Avant même le départ de cet hôte de marque, l'opposition profite des difficultés de ravitaillement pour organiser, les 1er et 2 décembre, des manifestations de femmes. Ces manifestations, dites des marmites vides parce que les participantes descendent dans la rue en tambourinant sur des fonds de casseroles, dégénèrent en heurts violents avec la police. Le couvre-feu est imposé à Santiago pendant une semaine. Pour les socialistes et les communistes, seules les femmes des beaux quartiers ont manifesté ; le 20 décembre, 60 000 personnes manifestent en faveur du gouvernement.

Crise constitutionnelle

De plus en plus l'opposition tente de bloquer l'action du Front populaire au niveau parlementaire.

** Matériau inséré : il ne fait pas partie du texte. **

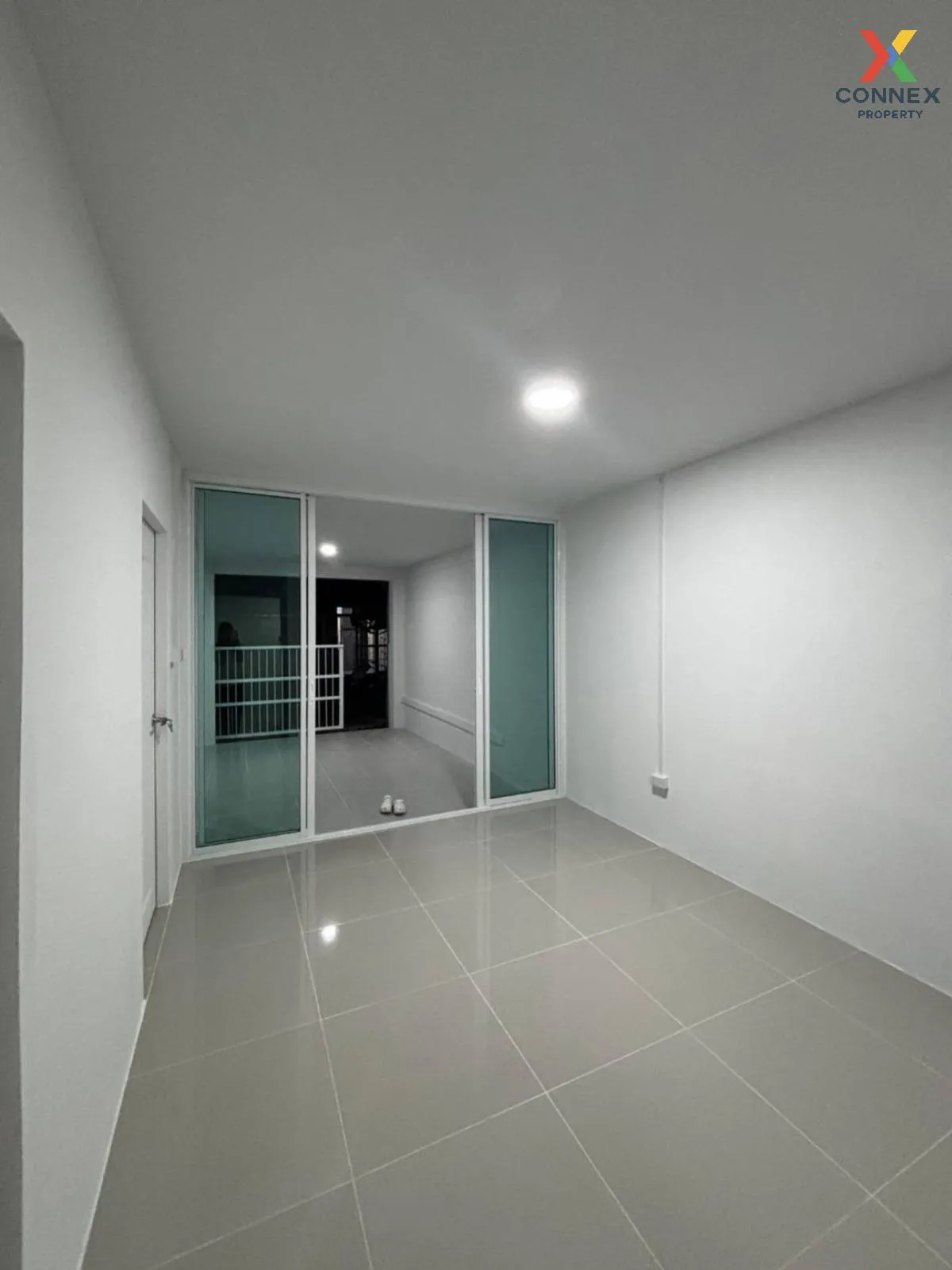 ขายทาวน์เฮ้าส์/ทาวน์โฮม  บ้านพฤกษา 2 คลอง 8 รีโนเวทใหม่ ลำผักกูด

À partir d'octobre, les démocrates-chrétiens s'opposent au projet de loi sur le contrôle par l'État des 150 entreprises les plus importantes, et, le 22 décembre, le Congrès adopte une réforme constitutionnelle limitant les pouvoirs du gouvernement en matière de nationalisations. En novembre, les députés rejettent le plan gouvernemental de dissolution des deux Chambres pour les remplacer par une Assemblée du peuple. Le 1er janvier 1972, le Parlement vote un budget 1972 amputé de 306 millions de dollars, ce qui compromet le plan de développement. Le gouvernement oppose son veto. La crise est totale. Entre-temps, l'opposition met deux ministres en accusation constitutionnelle. L'un d'eux, José Toha (Intérieur) est particulièrement visé par les démocrates-chrétiens. Objet d'un vote hostile des députés pour avoir enfreint les garanties constitutionnelles, il est suspendu. Le 25 janvier, Allende doit remanier son gouvernement ; J. Toha passe au ministère de la Défense. Le président admet dans le cabinet deux radicaux modérés. Cette initiative confirme la tendance au regroupement de diverses formations de centre gauche, qui se concrétise, en mars, par la fusion du parti d'action populaire et du PIR.